◆ **EXERCISE GOAL**
Set down exactly the lines below, starting at the one that contains "Plan Q2 Architekten" and ending at the one that contains "BIB: 2023, 20751", with both of those lines included and nothing else.

══ GIVEN RECORDS

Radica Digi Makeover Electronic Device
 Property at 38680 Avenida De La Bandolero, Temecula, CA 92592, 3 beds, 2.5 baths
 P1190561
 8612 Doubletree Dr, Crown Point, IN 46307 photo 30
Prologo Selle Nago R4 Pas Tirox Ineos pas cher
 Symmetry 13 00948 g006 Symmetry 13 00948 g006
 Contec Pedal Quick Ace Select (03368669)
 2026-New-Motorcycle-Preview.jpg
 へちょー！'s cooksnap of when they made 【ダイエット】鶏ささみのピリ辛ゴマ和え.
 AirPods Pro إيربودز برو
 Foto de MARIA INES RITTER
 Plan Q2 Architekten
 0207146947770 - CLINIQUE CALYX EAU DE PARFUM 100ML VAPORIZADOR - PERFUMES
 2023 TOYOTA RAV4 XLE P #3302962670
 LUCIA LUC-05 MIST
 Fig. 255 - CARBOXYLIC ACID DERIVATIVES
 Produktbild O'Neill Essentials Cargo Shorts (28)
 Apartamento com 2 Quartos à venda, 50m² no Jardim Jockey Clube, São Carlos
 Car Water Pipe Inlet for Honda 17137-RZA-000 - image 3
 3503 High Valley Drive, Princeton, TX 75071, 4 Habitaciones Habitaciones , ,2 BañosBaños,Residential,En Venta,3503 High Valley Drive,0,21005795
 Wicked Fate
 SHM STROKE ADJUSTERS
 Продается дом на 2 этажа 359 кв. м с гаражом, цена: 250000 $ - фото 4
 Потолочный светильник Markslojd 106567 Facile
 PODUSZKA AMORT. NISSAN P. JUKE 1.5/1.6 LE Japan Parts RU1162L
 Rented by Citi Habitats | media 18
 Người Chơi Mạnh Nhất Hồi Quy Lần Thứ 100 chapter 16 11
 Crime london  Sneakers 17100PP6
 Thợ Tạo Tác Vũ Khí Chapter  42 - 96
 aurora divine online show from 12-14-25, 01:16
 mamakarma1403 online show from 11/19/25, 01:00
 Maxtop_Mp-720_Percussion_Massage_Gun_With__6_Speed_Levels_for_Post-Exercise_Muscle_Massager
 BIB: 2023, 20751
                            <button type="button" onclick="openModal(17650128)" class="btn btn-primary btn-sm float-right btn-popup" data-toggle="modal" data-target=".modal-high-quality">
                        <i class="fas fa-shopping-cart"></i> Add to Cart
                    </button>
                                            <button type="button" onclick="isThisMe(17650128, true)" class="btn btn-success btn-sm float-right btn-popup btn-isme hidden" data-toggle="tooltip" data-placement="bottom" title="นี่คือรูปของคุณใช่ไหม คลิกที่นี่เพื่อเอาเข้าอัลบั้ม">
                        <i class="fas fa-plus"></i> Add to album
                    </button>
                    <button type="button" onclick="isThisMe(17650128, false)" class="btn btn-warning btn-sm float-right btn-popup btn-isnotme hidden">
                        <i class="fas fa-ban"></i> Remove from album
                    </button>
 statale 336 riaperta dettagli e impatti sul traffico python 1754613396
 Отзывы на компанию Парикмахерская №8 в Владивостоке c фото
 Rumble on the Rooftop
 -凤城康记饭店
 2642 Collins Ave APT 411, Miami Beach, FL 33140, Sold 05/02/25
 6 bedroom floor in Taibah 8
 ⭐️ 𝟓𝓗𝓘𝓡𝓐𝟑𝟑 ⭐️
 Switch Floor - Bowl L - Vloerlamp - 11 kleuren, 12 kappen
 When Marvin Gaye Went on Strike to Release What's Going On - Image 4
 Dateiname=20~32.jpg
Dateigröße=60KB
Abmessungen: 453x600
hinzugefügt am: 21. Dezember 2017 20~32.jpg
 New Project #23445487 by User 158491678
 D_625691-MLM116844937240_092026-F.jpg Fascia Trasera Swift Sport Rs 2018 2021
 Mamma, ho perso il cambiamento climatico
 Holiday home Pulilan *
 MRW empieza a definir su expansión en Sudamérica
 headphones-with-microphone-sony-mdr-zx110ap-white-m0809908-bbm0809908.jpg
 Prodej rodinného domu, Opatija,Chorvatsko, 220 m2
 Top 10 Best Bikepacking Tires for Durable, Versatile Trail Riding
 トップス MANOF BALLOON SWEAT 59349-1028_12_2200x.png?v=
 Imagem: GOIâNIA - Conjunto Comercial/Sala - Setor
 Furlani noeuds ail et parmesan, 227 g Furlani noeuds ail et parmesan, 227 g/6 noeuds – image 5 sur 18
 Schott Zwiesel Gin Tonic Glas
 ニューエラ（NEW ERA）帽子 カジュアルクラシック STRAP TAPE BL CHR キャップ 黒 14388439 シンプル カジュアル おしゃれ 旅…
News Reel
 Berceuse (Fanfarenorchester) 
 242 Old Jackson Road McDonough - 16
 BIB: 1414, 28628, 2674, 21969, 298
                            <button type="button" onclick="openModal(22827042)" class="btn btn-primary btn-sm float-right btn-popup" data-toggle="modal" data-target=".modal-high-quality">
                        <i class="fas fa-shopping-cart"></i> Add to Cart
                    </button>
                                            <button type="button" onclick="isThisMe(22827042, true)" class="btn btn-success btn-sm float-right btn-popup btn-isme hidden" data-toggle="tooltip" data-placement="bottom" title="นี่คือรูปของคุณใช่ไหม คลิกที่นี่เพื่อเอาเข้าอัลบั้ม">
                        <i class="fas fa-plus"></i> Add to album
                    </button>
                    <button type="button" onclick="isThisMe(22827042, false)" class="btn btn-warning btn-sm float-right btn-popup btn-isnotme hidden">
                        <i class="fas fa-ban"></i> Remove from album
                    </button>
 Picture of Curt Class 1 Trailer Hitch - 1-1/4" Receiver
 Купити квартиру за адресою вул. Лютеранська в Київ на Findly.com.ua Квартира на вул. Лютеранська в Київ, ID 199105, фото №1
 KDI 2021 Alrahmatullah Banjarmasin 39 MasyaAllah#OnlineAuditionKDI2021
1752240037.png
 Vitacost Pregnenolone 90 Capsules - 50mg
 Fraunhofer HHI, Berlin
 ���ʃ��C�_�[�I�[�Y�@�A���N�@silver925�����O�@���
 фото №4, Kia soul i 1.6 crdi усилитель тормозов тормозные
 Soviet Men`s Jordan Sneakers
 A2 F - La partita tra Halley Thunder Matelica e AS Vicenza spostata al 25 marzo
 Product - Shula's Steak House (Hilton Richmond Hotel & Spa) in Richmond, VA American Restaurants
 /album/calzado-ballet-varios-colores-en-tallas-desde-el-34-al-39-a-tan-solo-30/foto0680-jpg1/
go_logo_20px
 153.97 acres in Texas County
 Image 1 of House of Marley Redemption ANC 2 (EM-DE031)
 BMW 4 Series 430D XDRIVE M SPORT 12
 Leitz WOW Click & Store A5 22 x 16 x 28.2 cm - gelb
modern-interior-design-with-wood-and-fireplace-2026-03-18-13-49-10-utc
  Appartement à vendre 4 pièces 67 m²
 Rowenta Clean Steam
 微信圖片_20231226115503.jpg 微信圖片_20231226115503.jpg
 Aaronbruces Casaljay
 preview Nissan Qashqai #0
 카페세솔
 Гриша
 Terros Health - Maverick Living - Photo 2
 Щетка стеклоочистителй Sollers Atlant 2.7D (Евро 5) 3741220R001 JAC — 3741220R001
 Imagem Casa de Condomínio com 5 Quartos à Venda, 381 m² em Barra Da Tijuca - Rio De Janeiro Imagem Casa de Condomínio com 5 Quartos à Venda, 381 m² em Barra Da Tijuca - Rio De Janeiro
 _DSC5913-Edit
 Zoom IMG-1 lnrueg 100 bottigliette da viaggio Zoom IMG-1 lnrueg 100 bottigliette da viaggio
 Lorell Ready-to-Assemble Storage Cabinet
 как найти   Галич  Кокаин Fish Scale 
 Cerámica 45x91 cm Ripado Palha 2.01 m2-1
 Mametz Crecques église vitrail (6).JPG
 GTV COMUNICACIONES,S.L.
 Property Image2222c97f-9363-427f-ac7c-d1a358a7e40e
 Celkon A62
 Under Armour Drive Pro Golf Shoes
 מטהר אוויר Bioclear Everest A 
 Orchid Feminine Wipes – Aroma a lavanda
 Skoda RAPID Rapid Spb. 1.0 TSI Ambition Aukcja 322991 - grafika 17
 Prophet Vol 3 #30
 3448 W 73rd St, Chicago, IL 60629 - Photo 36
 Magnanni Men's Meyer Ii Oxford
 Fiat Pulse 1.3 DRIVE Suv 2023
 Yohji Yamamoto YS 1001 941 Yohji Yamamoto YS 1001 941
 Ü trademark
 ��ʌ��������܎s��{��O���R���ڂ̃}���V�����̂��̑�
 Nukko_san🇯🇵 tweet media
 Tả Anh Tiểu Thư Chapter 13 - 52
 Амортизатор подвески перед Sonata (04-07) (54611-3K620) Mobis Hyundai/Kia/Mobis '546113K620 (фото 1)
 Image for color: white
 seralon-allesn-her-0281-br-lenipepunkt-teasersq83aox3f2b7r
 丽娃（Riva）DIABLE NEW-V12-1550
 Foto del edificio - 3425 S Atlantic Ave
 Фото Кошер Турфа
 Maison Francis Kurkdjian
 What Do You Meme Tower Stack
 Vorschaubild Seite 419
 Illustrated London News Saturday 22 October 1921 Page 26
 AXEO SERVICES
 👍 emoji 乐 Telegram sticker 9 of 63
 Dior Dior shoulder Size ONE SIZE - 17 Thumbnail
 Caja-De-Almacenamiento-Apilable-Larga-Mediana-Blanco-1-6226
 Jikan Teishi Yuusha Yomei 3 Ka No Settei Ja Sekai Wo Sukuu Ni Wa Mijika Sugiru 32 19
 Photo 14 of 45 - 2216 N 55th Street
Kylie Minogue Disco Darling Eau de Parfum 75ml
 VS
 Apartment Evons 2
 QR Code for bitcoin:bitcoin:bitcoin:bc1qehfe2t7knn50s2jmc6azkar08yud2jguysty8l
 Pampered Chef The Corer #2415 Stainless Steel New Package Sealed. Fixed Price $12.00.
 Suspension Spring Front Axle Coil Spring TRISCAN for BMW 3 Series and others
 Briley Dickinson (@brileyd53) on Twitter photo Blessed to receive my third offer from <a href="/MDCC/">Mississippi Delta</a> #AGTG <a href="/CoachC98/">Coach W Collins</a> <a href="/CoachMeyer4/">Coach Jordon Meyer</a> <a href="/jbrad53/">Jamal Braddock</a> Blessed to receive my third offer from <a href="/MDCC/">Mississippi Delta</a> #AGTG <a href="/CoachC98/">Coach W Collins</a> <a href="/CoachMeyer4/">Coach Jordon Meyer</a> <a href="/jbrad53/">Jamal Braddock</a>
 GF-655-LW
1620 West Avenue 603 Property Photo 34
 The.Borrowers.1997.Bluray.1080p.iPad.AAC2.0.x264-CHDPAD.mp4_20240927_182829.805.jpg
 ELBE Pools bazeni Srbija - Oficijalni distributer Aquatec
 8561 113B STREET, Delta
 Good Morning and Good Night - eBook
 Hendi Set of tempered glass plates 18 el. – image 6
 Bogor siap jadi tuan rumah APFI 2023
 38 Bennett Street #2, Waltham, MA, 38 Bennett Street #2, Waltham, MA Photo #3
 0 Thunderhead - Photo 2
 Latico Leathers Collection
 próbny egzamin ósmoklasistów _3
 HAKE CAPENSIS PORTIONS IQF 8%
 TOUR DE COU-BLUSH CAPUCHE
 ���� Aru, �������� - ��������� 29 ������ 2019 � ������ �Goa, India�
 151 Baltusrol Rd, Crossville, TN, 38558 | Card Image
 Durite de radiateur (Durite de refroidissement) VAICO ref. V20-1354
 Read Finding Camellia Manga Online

════

◆ **SOLUTION FOR THIS TASK**
 Plan Q2 Architekten
 0207146947770 - CLINIQUE CALYX EAU DE PARFUM 100ML VAPORIZADOR - PERFUMES
 2023 TOYOTA RAV4 XLE P #3302962670
 LUCIA LUC-05 MIST
 Fig. 255 - CARBOXYLIC ACID DERIVATIVES
 Produktbild O'Neill Essentials Cargo Shorts (28)
 Apartamento com 2 Quartos à venda, 50m² no Jardim Jockey Clube, São Carlos
 Car Water Pipe Inlet for Honda 17137-RZA-000 - image 3
 3503 High Valley Drive, Princeton, TX 75071, 4 Habitaciones Habitaciones , ,2 BañosBaños,Residential,En Venta,3503 High Valley Drive,0,21005795
 Wicked Fate
 SHM STROKE ADJUSTERS
 Продается дом на 2 этажа 359 кв. м с гаражом, цена: 250000 $ - фото 4
 Потолочный светильник Markslojd 106567 Facile
 PODUSZKA AMORT. NISSAN P. JUKE 1.5/1.6 LE Japan Parts RU1162L
 Rented by Citi Habitats | media 18
 Người Chơi Mạnh Nhất Hồi Quy Lần Thứ 100 chapter 16 11
 Crime london  Sneakers 17100PP6
 Thợ Tạo Tác Vũ Khí Chapter  42 - 96
 aurora divine online show from 12-14-25, 01:16
 mamakarma1403 online show from 11/19/25, 01:00
 Maxtop_Mp-720_Percussion_Massage_Gun_With__6_Speed_Levels_for_Post-Exercise_Muscle_Massager
 BIB: 2023, 20751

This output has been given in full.